• [Your instructions]: Print the lines from the one containing "molecular formula C16H26N4O4S" through the end of the listing below, exactly as written. Any pictures stay out.

• [Data supplied]:

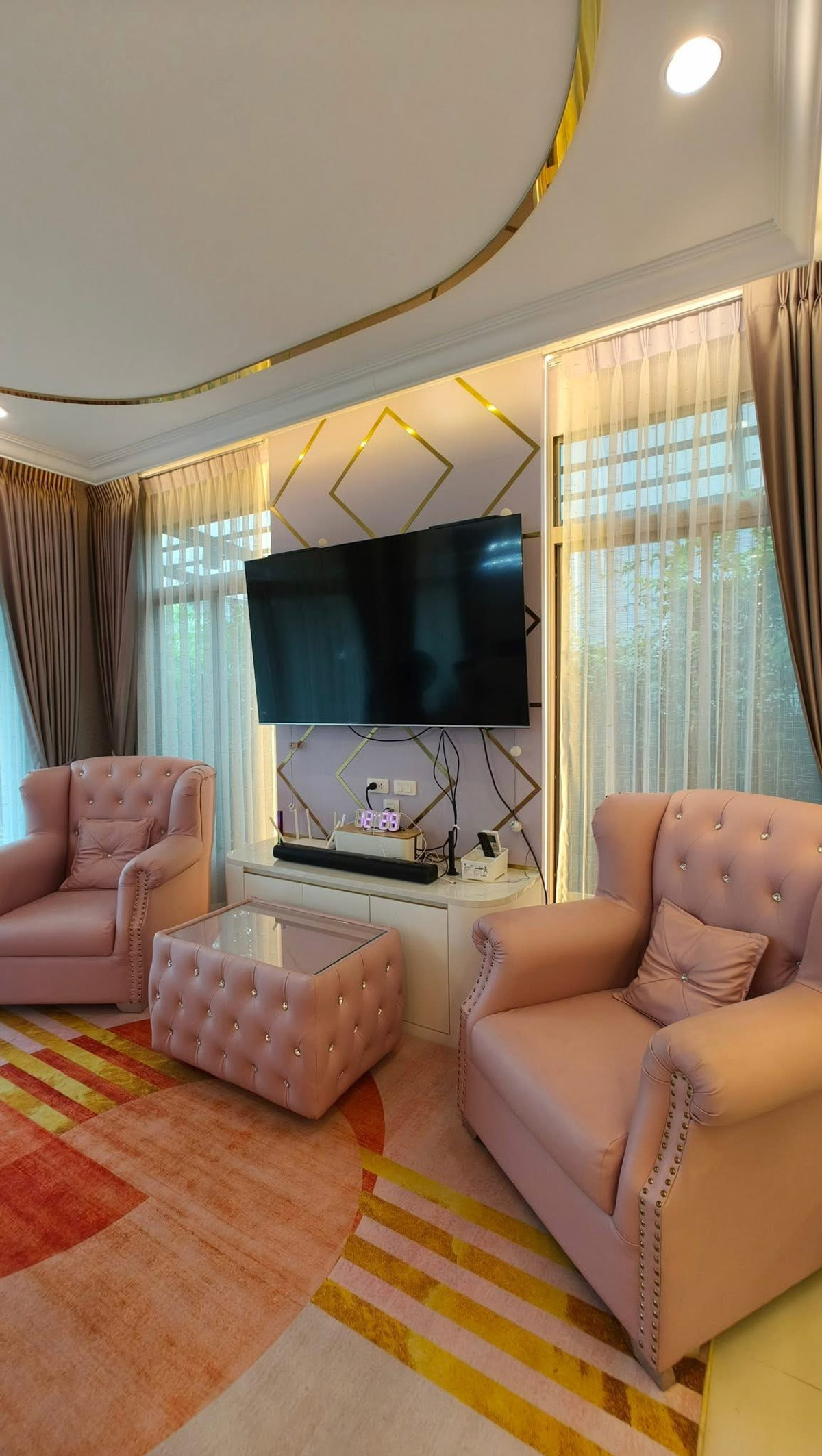 For SaleHouseChaengwatana, Muangthong : Luxury detached house for sale modern style Simple, elegant but perfect in every corner. The Palm Chaengwattana-Chaiyaphruek 70 square meters.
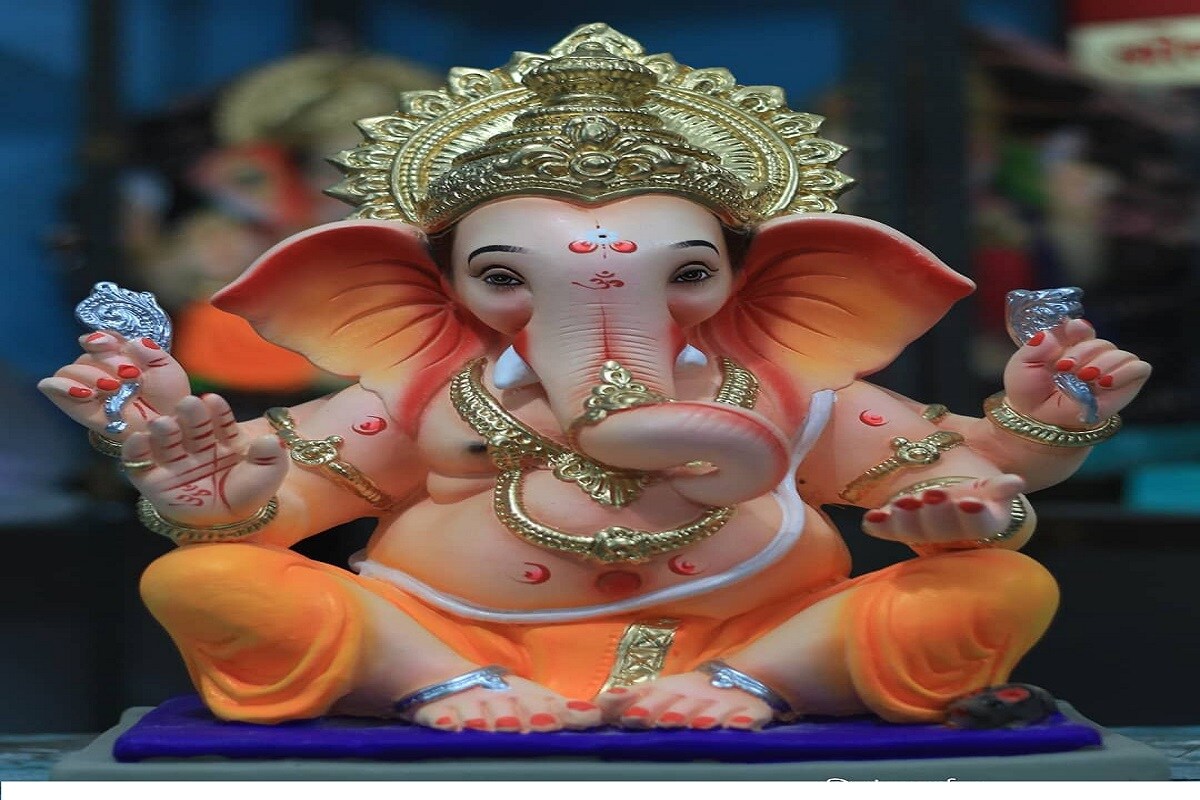  ਅੰਗ ਵਿਗਿਆਨ ਅਨੁਸਾਰ ਉਦਰ ਖ਼ੁਸ਼ਹਾਲੀ ਅਤੇ ਬਖ਼ਤਾਵਰੀ ਦਾ ਪ੍ਰਤੀਕ ਹੈ।ਗਣੇਸ਼ ਜੀ ਦਾ ਬਹੁਤ ਉਦਰ ਸੁਨੇਹਾ ਦਿੰਦਾ ਹੈ ਕਿ ਸੁੱਖ ਜੀਵਨ ਜਿਊਣ ਲਈ ਢਿੱਡ ਵਿੱਚ ਚੰਗੀ ਅਤੇ ਬੁਰੀ ਸਾਰੀਆਂ ਗੱਲਾਂ ਨੂੰ ਪਾਚਨ ਕਰ ਲੈਣਾ ਚਾਹੀਦਾ ਹੈ।ਕਿਸੇ ਗੱਲ ਨੂੰ ਹਰ ਹਾਲ ਵਿੱਚ ਆਪਣੇ ਆਪ ਦੇ ਅੰਦਰ ਰੱਖ ਕੇ ਵੱਡੀ ਵਿਚਾਰ-ਬੁੱਝ ਦੇ ਨਾਲ ਕੋਈ ਫ਼ੈਸਲਾ ਲੈਣਾ ਚਾਹੀਦਾ ਹੈ।ਲੰਬੋਦਰ ਸਵਰੂਪ ਨਾਲ ਸਿੱਖਣਾ ਚਾਹੀਦਾ ਹੈ ਕਿ ਬੁੱਧੀ ਦੇ ਦੁਆਰੇ ਅਸੀਂ ਬਖ਼ਤਾਵਰੀ ਪ੍ਰਾਪਤ ਕਰ ਸਕਦੇ ਹਨ ਅਤੇ ਸਭ ਤੋਂ ਵੱਡੀ ਬਖ਼ਤਾਵਰੀ ਪ੍ਰਸੰਨਤਾ ਹੈ।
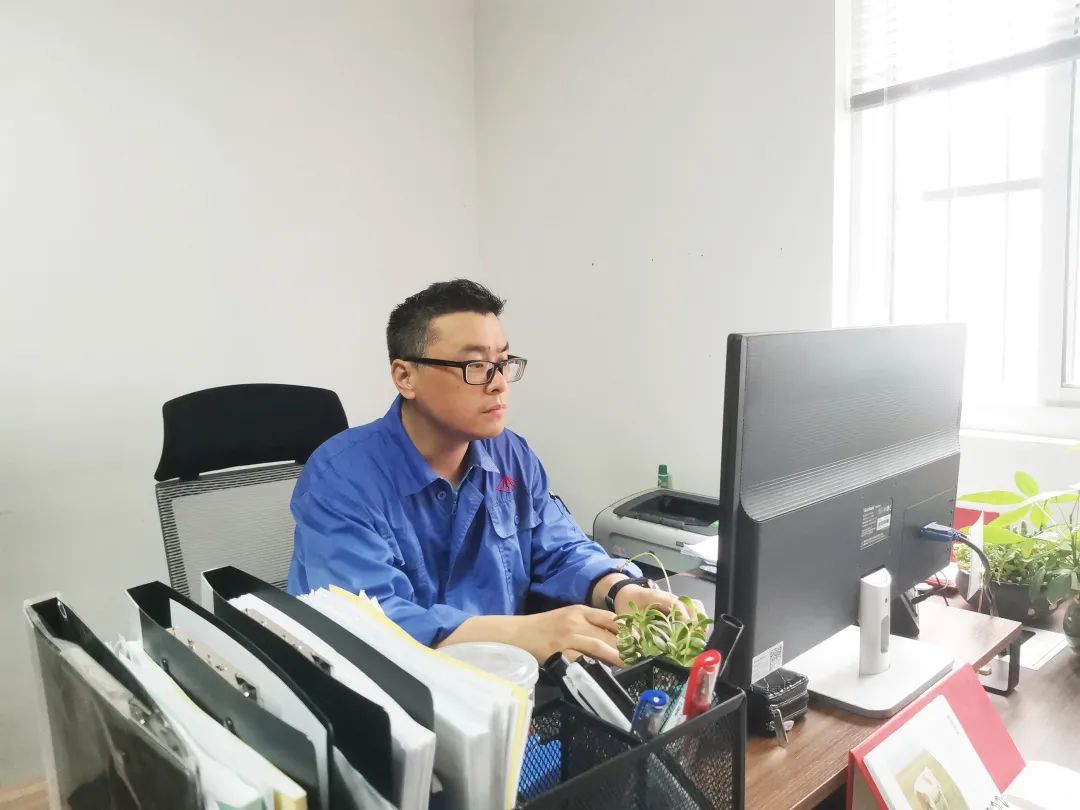 婉靜人物 | 張斌：?；穫}(cāng)儲(chǔ)管理的安全
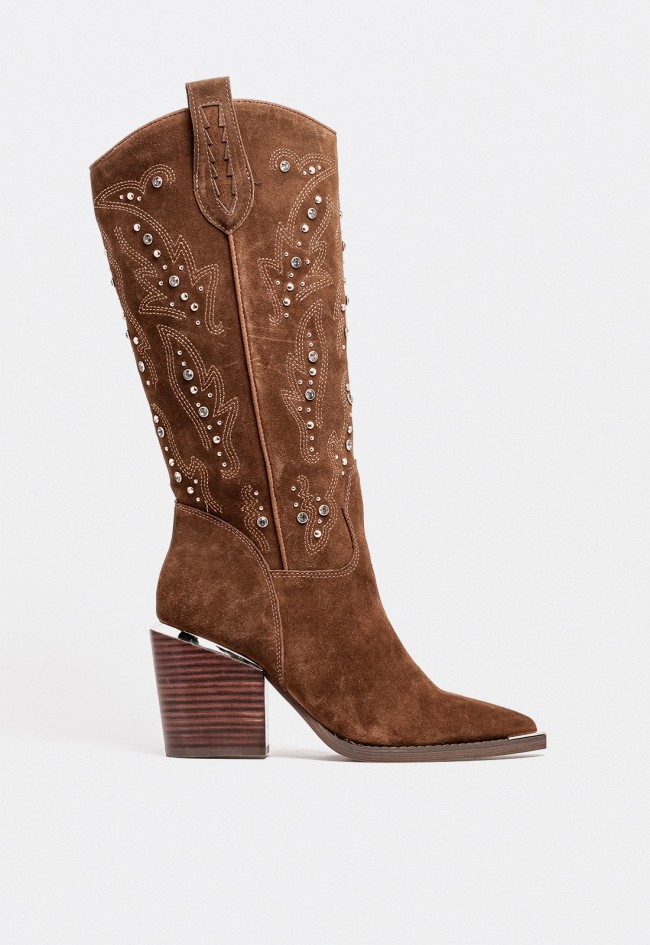 Bota cowboy ALMA EN PENA 826 de mujer en piel serraje marrón — estilo western con alma artesanal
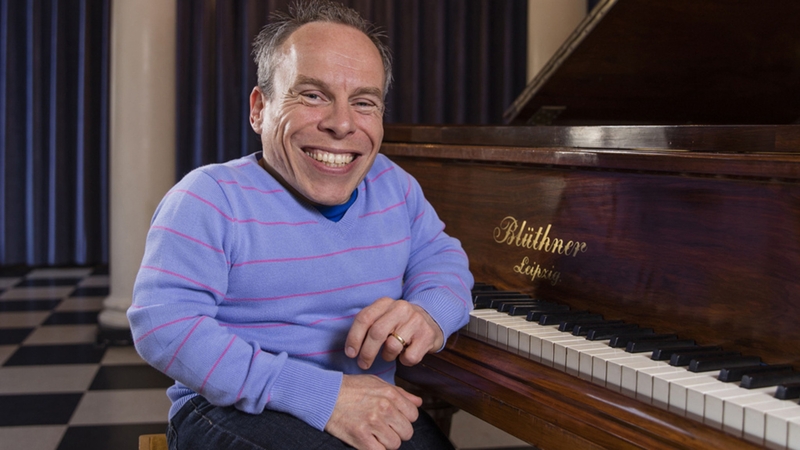 Warwick Davis is back as Willow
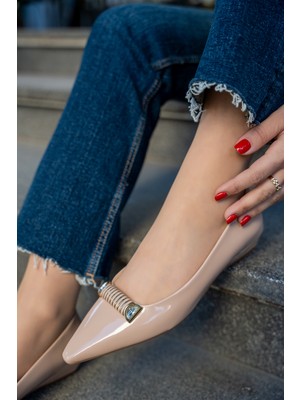 Laminta Jamia Ten Rugan Sivri Burunlu Taşlı Aksesuar Detaylı Kadın Babet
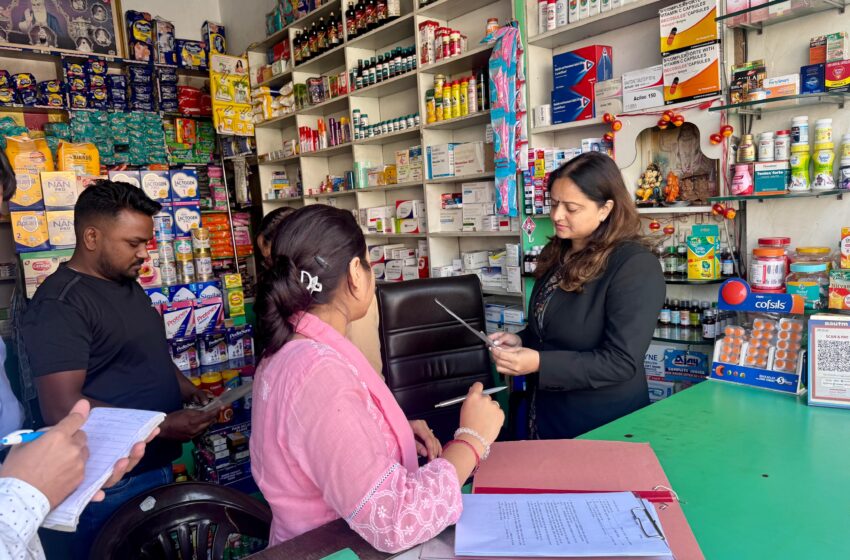  जनपद देहरादून में पटेलनगर क्षेत्र के विभिन्न मेडिकल स्टोरों का संयुक्त निरीक्षण किया गया।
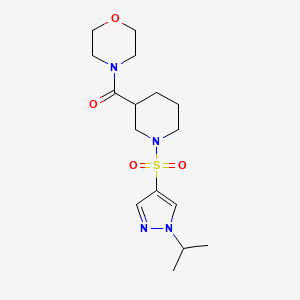 molecular formula C16H26N4O4S B7186193 Morpholin-4-yl-[1-(1-propan-2-ylpyrazol-4-yl)sulfonylpiperidin-3-yl]methanone 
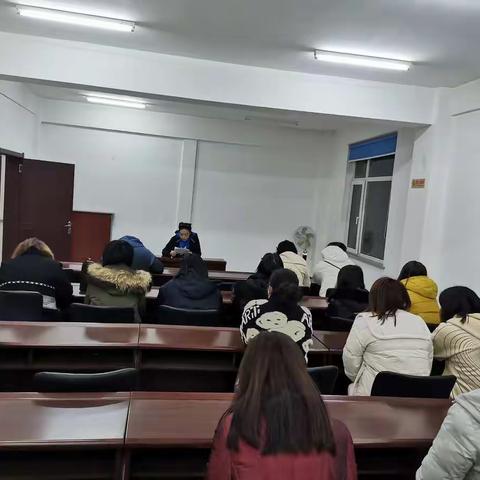 铜钟街道佳丰北郡社区11月份党日活动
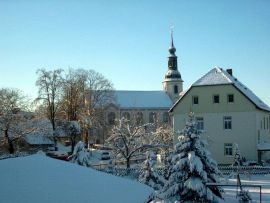 Blick zur Kirche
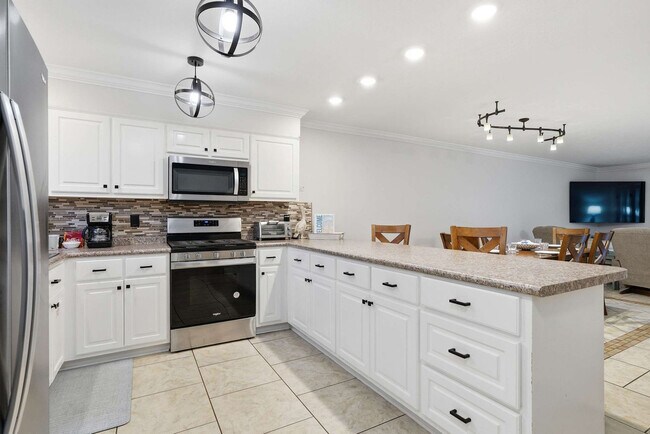 Building Photo - 135 Grande Island Blvd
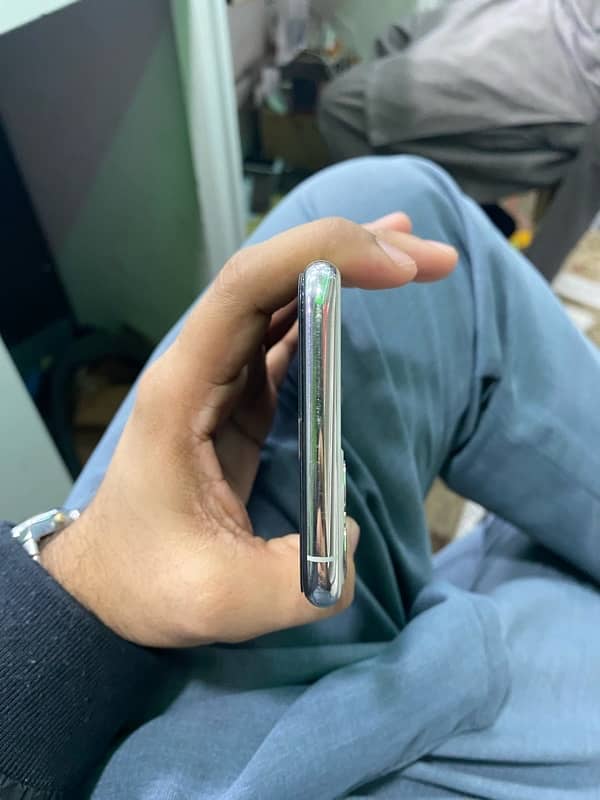 iphone 11 promax 64Gb Pta Approved 3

• [Response for this exercise]:
 molecular formula C16H26N4O4S B7186193 Morpholin-4-yl-[1-(1-propan-2-ylpyrazol-4-yl)sulfonylpiperidin-3-yl]methanone 
 铜钟街道佳丰北郡社区11月份党日活动
 Blick zur Kirche
 Building Photo - 135 Grande Island Blvd
 iphone 11 promax 64Gb Pta Approved 3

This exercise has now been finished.